» ABOUT THIS EXERCISE
At the line that holds "Maceta Duet 250 Crema Y Taupe_0", start repeating, and keep going exactly through the final line of the material; include both ends and skip the pictures.

» DATASET EXTRACT
= = = =

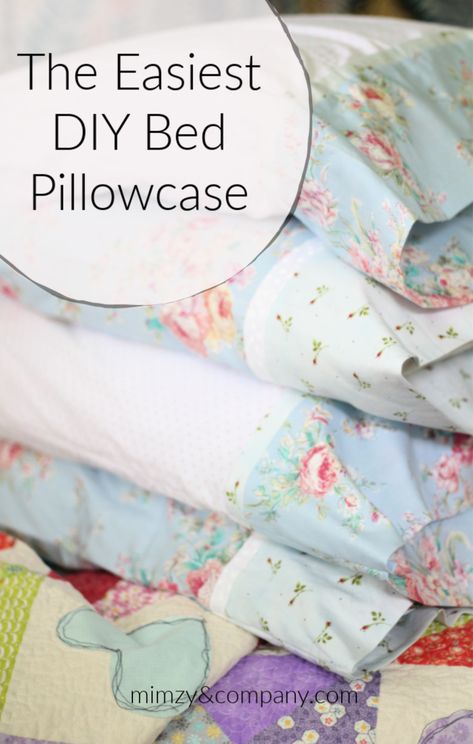 THE easiest bed pillowcase to sew - the roll-up or burrito method. • mimzy & company Ruffled Pillow Cases Diy, Easy Pillow Cases To Sew, Pillowcase Diy, Easy Pillowcase, Sew A Pillowcase, Homemade Pillow Cases, Burrito Pillowcase, Sewing Pillow Cases, Pillowcase Tutorial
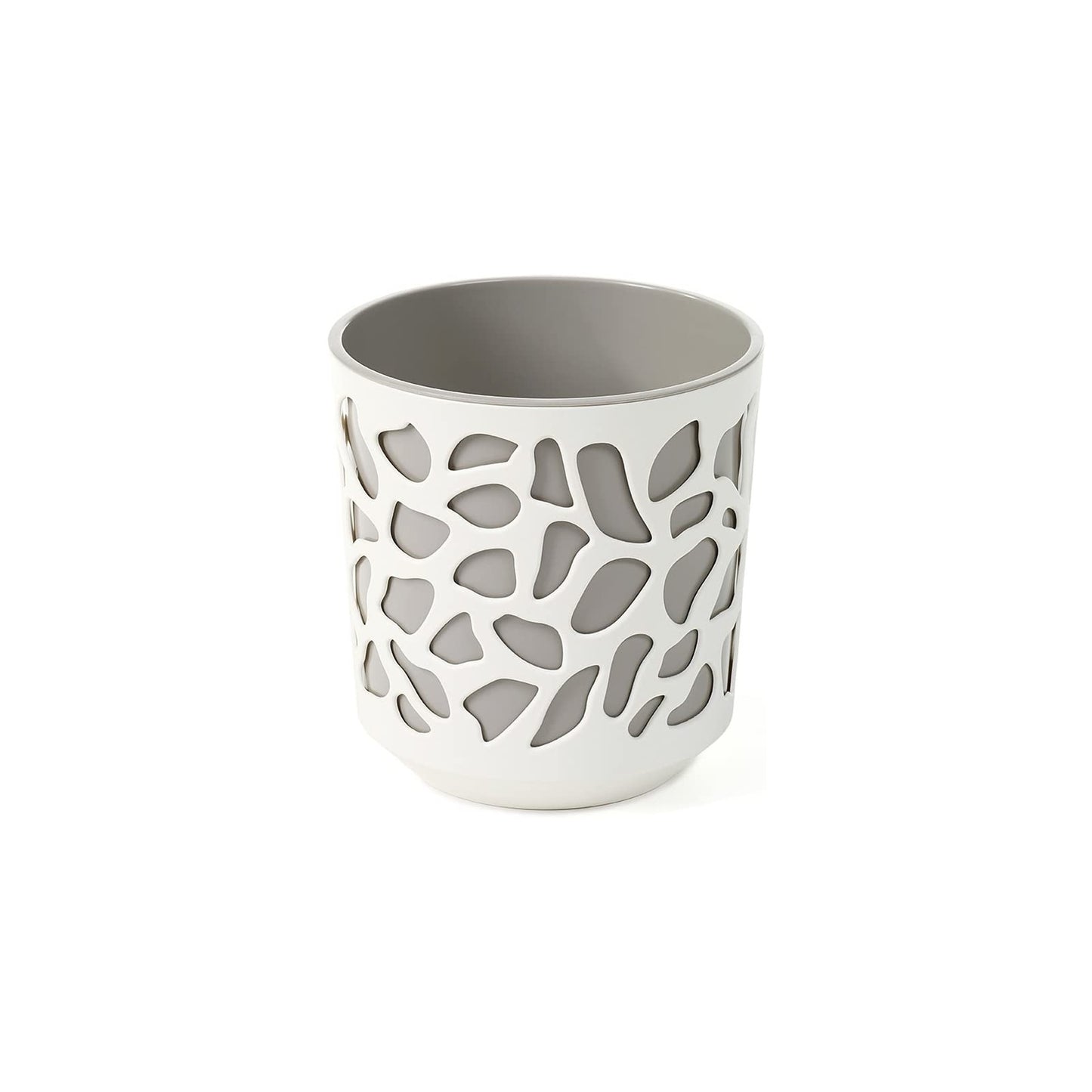 Maceta Duet 250 Crema Y Taupe_0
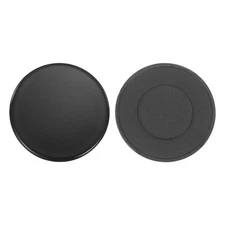 2Pcs Gas Stove Burner Cap, 75mm / 2.95 Inch Flat Version Metal Cooker Hat, Black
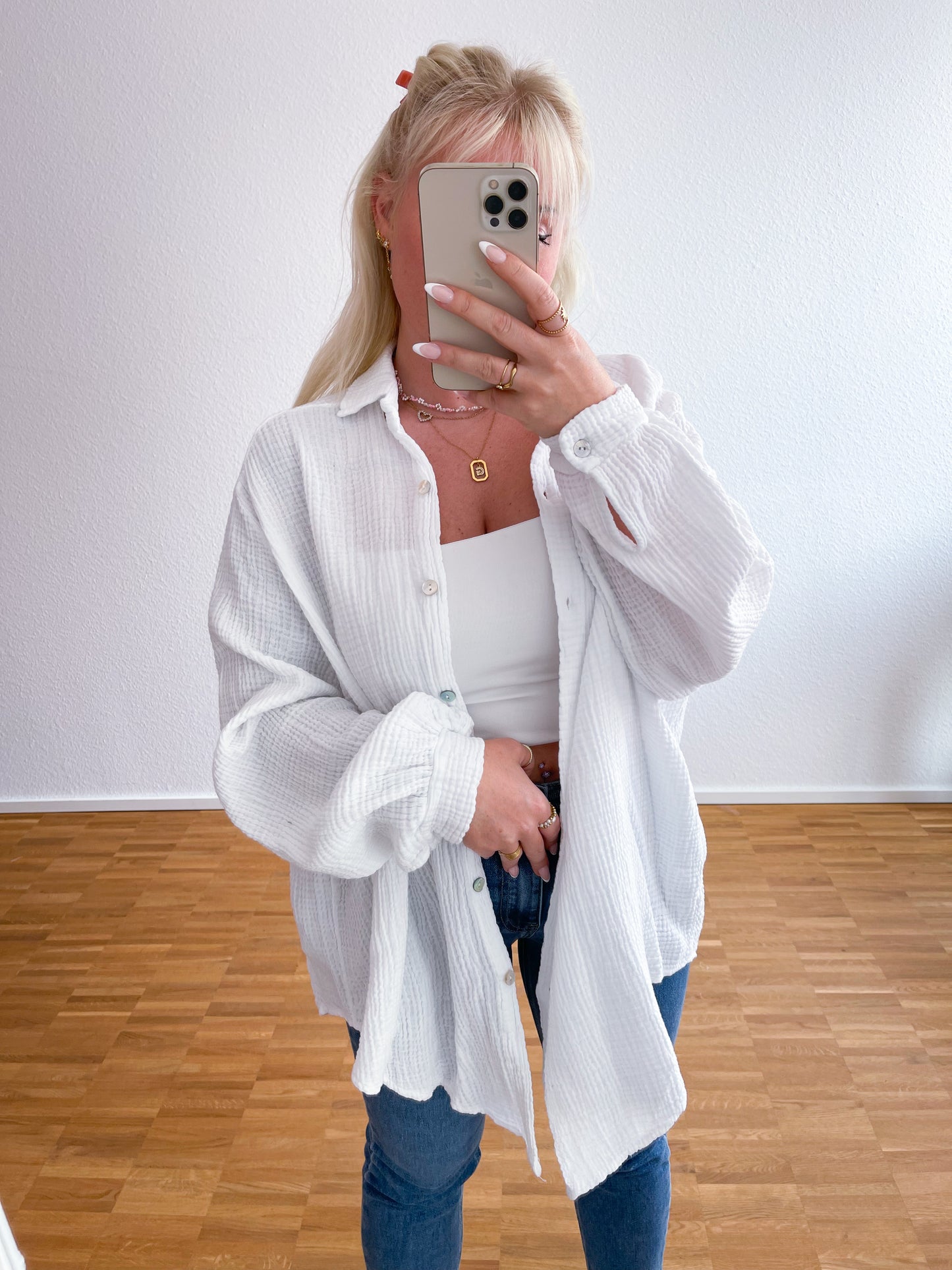 Musselin-Bluse 20 Farben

= = = =

» ANSWER TO THE PROBLEM
 Maceta Duet 250 Crema Y Taupe_0
 2Pcs Gas Stove Burner Cap, 75mm / 2.95 Inch Flat Version Metal Cooker Hat, Black
 Musselin-Bluse 20 Farben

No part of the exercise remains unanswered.